§ INFORMATION SHOWN:
========================================================================
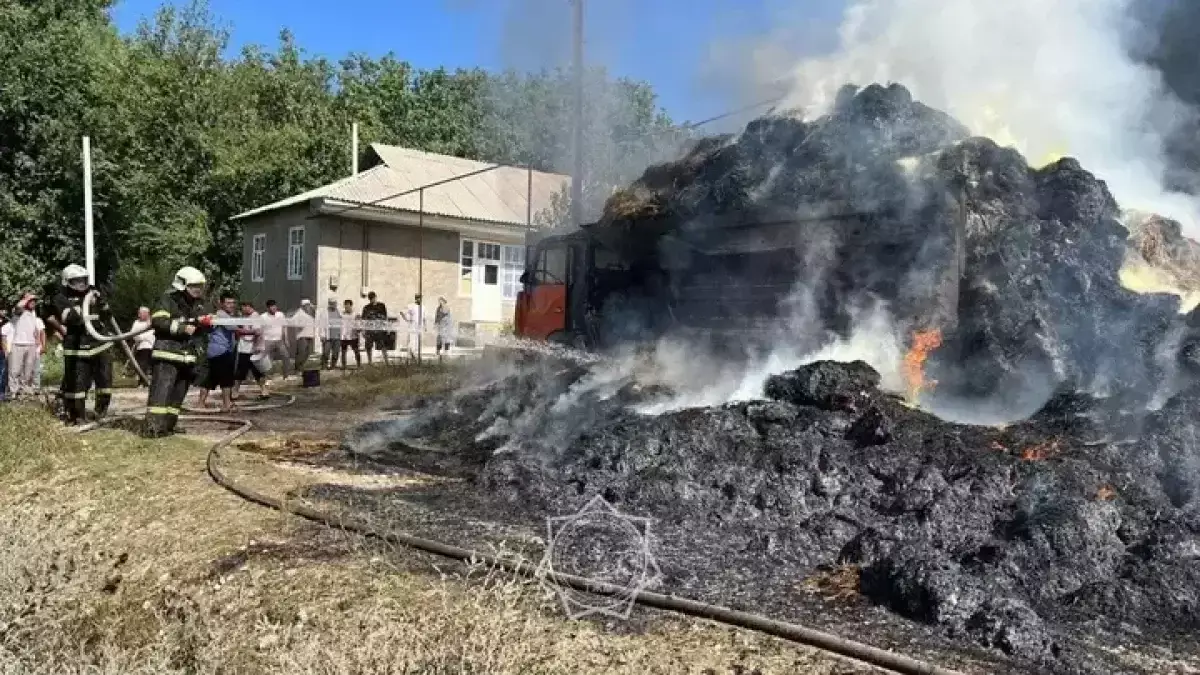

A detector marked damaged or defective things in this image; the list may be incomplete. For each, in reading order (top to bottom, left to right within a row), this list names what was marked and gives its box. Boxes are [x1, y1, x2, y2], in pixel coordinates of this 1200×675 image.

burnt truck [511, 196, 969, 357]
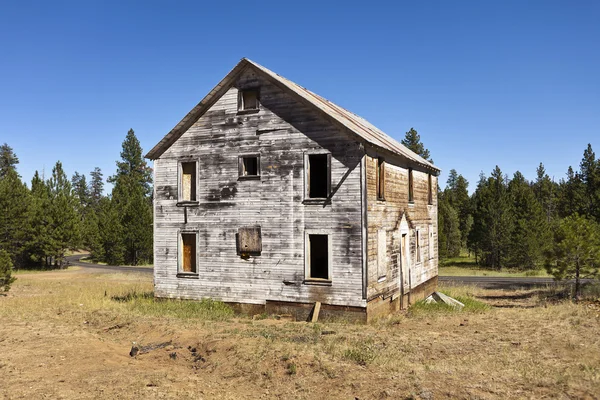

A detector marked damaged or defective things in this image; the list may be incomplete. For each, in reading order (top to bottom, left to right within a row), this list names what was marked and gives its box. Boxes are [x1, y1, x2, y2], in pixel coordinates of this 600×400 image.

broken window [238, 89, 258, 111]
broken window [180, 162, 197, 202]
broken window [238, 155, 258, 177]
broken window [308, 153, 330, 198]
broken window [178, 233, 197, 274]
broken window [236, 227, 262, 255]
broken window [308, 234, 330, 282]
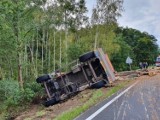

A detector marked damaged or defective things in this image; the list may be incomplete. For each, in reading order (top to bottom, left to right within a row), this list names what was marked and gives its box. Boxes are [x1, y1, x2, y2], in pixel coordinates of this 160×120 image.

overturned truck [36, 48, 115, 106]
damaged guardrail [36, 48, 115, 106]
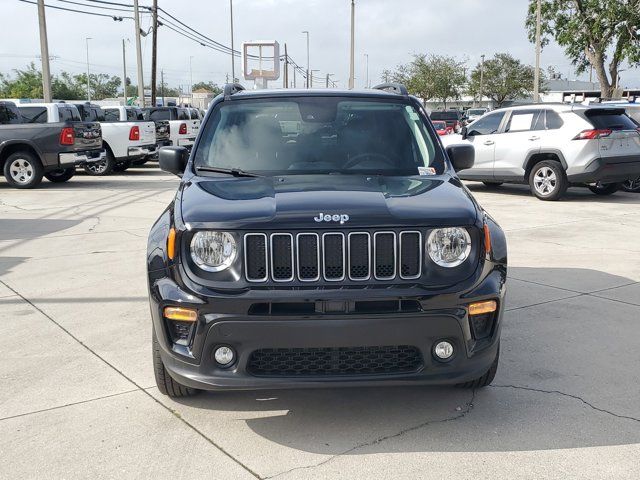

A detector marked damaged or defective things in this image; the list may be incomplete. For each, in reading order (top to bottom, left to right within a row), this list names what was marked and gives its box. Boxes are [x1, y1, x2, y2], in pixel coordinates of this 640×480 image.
========================================================================
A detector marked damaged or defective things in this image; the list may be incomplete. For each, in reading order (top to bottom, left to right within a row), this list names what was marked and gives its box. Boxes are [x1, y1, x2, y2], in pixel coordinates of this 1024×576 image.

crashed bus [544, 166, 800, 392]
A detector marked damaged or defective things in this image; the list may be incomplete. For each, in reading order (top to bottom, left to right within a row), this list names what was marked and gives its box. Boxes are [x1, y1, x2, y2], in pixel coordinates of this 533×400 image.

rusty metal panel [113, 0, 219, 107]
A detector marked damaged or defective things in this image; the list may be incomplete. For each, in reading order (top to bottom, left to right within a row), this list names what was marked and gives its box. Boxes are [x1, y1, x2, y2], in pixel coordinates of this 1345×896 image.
========================================================================
In the listing above, find the line containing "this 160×120 image." and the line containing "this 640×480 image.". Reproduce those lines and all between them exactly, with no pictures and nothing more.

A detector marked damaged or defective things in this image; the list may be incomplete. For each, in reading order (top to bottom, left to right within a row), this list names what was marked and gives its box. Boxes are [x1, y1, x2, y2], in pixel coordinates of this 160×120 image.

overturned truck [36, 48, 115, 106]
damaged guardrail [36, 48, 115, 106]

A detector marked damaged or defective things in this image; the list may be incomplete. For each, in reading order (top to bottom, left to right within a row), this list names what was marked and gives its box. Boxes are [x1, y1, x2, y2], in pixel coordinates of this 640×480 image.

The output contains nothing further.